DevOpsBootcampUPES

Pod Design

In this tutorial we will take a closer look on Pods design and characteristics.

Pod resource allocation

Pod resources allocation in involves specifying the amount of CPU and memory resources required by the containers within the Pod. Proper resource allocation is critical in production systems! it allows an efficient resource utilization and ensures that containers have the necessary resources to run effectively and scale as needed within the cluster.

Assign Memory Resources to Containers and Pods

In this exercise, you create a Pod that has one Container. The Container has a memory request of 50 MiB and a memory limit of 100 MiB. Here’s the configuration file for the Pod:

apiVersion: v1
kind: Pod
metadata:
  name: memory-demo
spec:
  containers:
  - name: memory-demo-ctr
    image: polinux/stress
    command: ["stress"]
    args: ["--vm", "1", "--vm-bytes", "150M", "--vm-hang", "1"]
    resources:
      requests:
        memory: "50Mi"
      limits:
        memory: "100Mi"

The args section in the configuration file provides arguments for the Container when it starts. The "--vm-bytes", "150M" arguments tell the Container to attempt to allocate 150 MiB of memory.

Save the above manifest and apply by kubectl apply -f memory-request-limit.yaml

View detailed information about the Pod:

kubectl get pod memory-demo --output=yaml

The output might show that the Container was killed because it is out of memory (OOM)

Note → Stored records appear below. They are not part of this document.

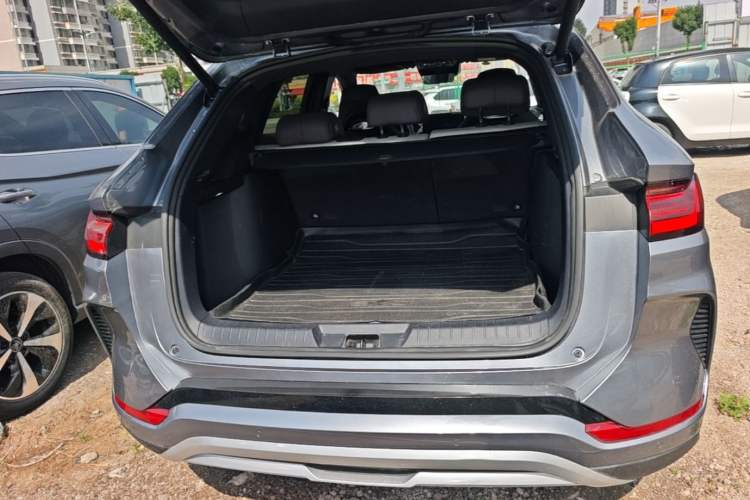 Used BYD Song PLUS New Energy 2025 DM-i 112KM Prestige Model Trunk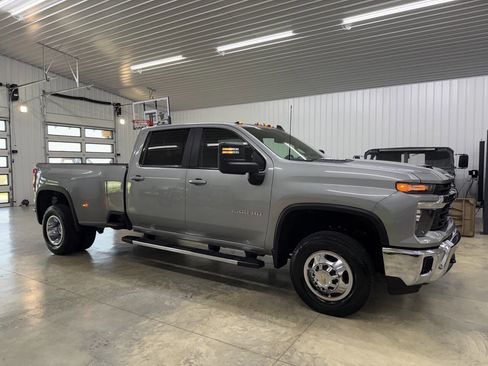 Used 2025 Chevrolet Silverado 3500 LT w/ All Star Edition AWD/4WD image 3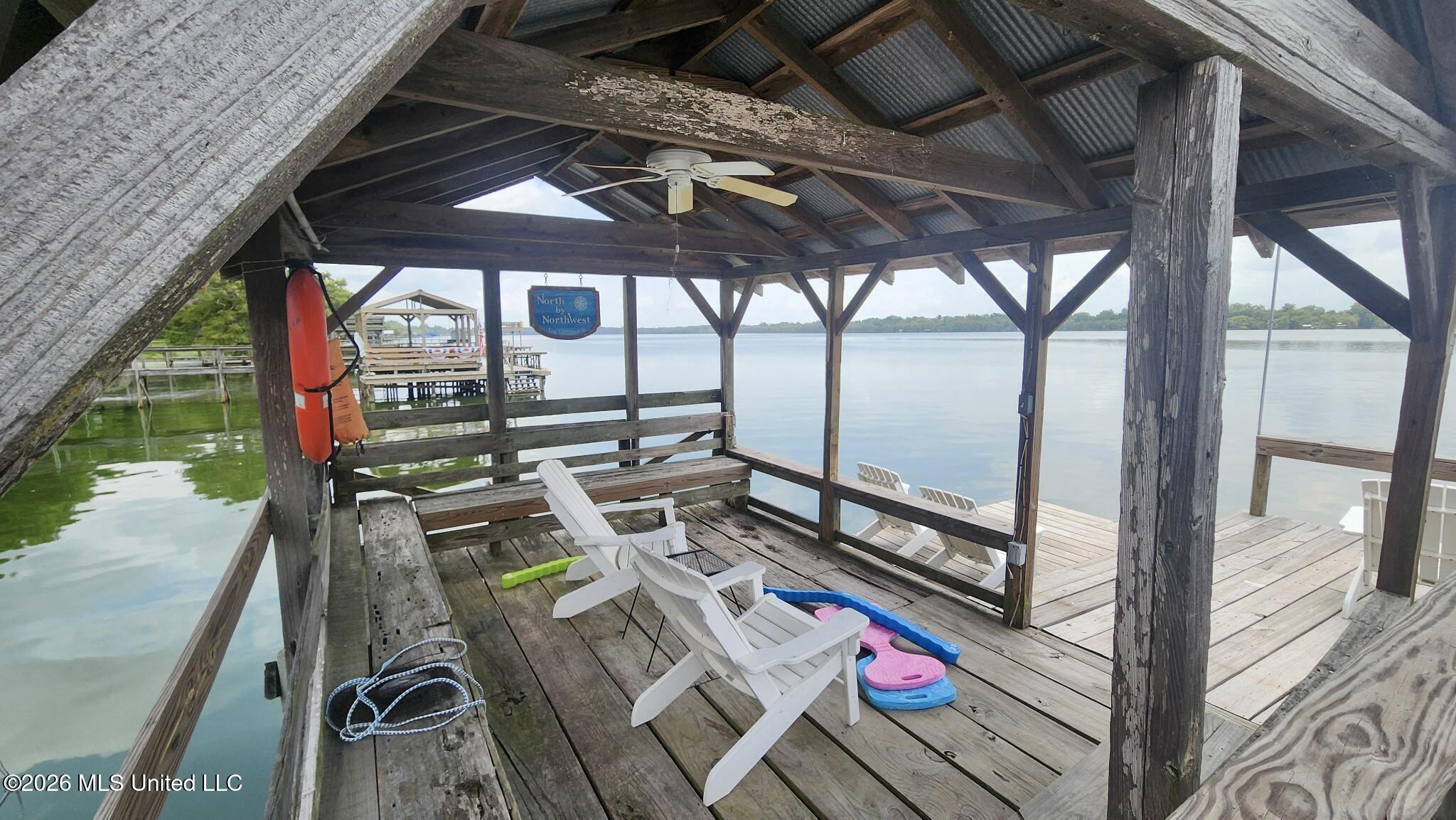 5525 Highway 568 Property Photo 5
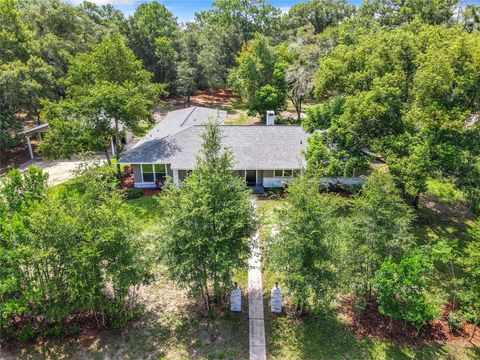 A home in DELAND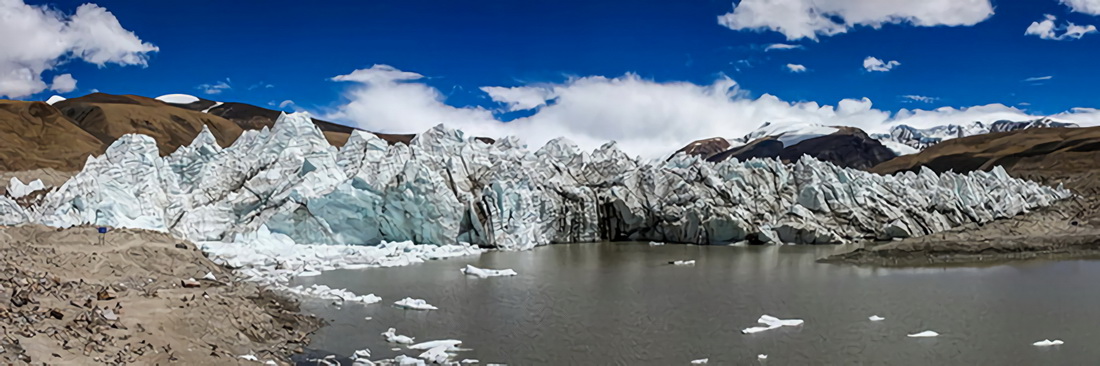 這是6月4日在西藏山南市拍攝的措嘉冰川（拼接照片）。新華社記者 姜帆 攝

Now try to create a new pod while specifying a memory request that is too big for your Nodes… what happened?

Assign CPU Resources to Containers and Pods

In this exercise, you create a Pod that has one container. The container has a request of 0.5 CPU and a limit of 1 CPU. Here is the configuration file for the Pod:

apiVersion: v1
kind: Pod
metadata:
  name: cpu-demo
spec:
  containers:
  - name: cpu-demo-ctr
    image: vish/stress
    args:
    - -cpus
    - "2"
    resources:
      limits:
        cpu: "1"
      requests:
        cpu: "0.5"

Use kubectl top to fetch the metrics for the Pod:

kubectl top pod cpu-demo

Configure Liveness, Readiness probes

Liveness and Readiness probes are essential mechanisms in k8s to ensure the availability and proper functioning of applications within Pods.

Liveness probes are used to determine the health of a Pod’s containers, restarting the Pod if the probe fails. They can perform periodic checks on the container’s internal state, such as checking for a specific process or making HTTP requests to a designated endpoint.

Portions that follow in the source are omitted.